Another type of white-light hologram is the rainbow hologram, invented by Steven Benton of the Polaroid Corporation in 1969. The rainbow hologram may be viewed with transmitted light from an incandescent lamp. The different wavelengths are dispersed so that each forms only a small portion of the total image, resulting in a rainbowlike change of color across the image. This effect is achieved in a two-step process. First make a transmission hologram of the object in the usual way. Then make a second hologram, using the real image from the first hologram as the object. A narrow horizontal slit is placed next to the first hologram during this process. This eliminates the vertical parallax in the second hologram, but the second hologram still records the image of the entire object.
When the second hologram is illuminated with a white light source, each wavelength forms an image of the slit. Each of these images occurs at a different vertical angle, as expected from the laws of diffraction.

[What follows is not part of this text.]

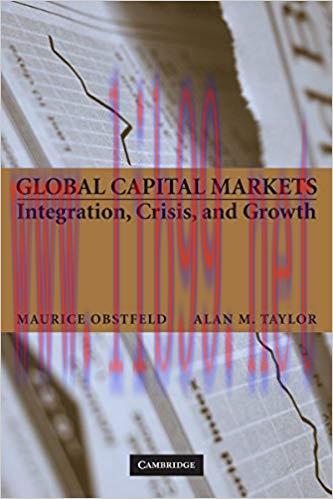 (PDF)Global Capital Markets: Integration, Crisis, and Growth (Japan-US Center UFJ Bank Monograp...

When looking for the image of the object, an observer actually looks through one of the colored images of the slit. The original object appears with horizontal parallax. As the observer moves up and down, the image remains constant, showing no vertical parallax‹but it changes color depending on the vertical position.

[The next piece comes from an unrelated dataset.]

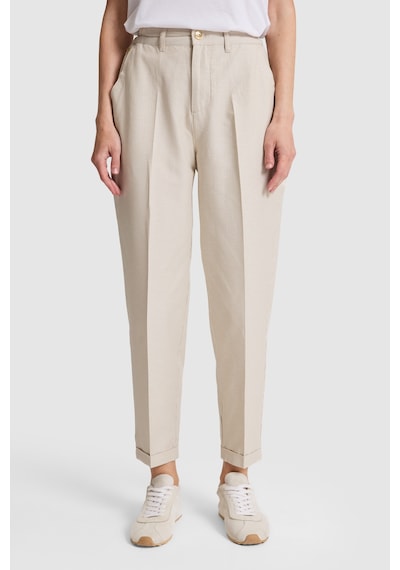 U.s. Polo Assn. Kadın Açık Haki Pantolon Kanvas-chino 50321994-vr183 Acık Hakı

In recent years, holograms have been made using a special photographic emulsion called photoresist. Instead of variations in opacity, as in normal photographic emulsion, the developed photoresist has variations in thickness in response to the intensity of the light incident upon it. By using electrolysis, we can deposit a thin layer of nickel on the developed photoresist, making a three-dimensional mold. Duplicates of the interference pattern, made from the mold, can be stamped into plastic and coated with a thin layer of aluminum. The aluminum functions like a mirror, reflecting incident white light back through the interference layers to produce the holographic image. The result is called an embossed hologram. Because they can be reproduced inexpensively, embossed holograms are finding their way onto magazine covers, buttons, and novelties. Since 1984, credit card manufacturers have been incorporating embossed holograms into their cards in an effort to thwart counterfeiting.